In accordance with the recommendations of the Reorganisation Committee of the National Whitley Council, which were accepted by the Government, a seven-hour day has been fixed for the general clerical and administrative classes employed in London headquarter offices. The hours of attendance are inclusive of luncheon interval, which is to be normally three-quarters of an hour, but may be extended to an hour in special cases of difficulty. In the case of other classes a longer working week is normally prescribed. It should also be borne in mind that classes entitled to overtime pay are paid only for attendance in excess of 42 hours a week, a stricter rule than that generally in force before the Reorganisation Committee reported. As already stated, in reply to previous questions, a great deal of unpaid overtime is being worked at the present time, and I do not see my way to varying the present arrangement which was approved by the Government as an integral part of the general scheme of reorganisation.


asked the Minister of Labour whether there are any industries or trade and, if so, what, in which a six-hours' day, exclusive of luncheon hour, only is worked?
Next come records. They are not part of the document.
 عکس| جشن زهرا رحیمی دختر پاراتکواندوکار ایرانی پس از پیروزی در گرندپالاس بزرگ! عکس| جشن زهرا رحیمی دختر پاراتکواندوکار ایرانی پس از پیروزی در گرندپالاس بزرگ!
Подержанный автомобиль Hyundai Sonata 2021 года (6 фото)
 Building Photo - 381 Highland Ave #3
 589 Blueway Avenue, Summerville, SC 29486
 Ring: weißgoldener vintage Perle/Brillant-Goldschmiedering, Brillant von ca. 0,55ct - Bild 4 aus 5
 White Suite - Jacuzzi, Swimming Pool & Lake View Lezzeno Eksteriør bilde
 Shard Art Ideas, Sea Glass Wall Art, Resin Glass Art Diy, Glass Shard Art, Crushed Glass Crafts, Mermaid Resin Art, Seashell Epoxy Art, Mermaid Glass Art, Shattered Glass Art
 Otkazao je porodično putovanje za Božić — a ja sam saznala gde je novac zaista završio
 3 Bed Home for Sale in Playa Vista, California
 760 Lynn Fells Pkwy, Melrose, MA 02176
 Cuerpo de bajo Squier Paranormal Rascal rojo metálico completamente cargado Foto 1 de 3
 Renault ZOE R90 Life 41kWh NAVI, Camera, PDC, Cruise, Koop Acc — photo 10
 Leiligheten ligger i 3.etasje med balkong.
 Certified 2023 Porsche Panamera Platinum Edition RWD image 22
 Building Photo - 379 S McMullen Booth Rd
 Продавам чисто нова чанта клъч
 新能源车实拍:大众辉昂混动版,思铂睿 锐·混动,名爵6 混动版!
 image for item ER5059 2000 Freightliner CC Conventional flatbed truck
Among manual wage-earners the normal working time, exclusive of meal times, generally exceeds six hours daily, except on Saturday; and although cases are known, for example, among certain classes of tin plate workers and heavy cable workers at some works, in which a six-hour day is worked, these cases are exceptional. As regards clerical workers and salaried employés, the information at my disposal is not sufficient to enable me safely to generalise.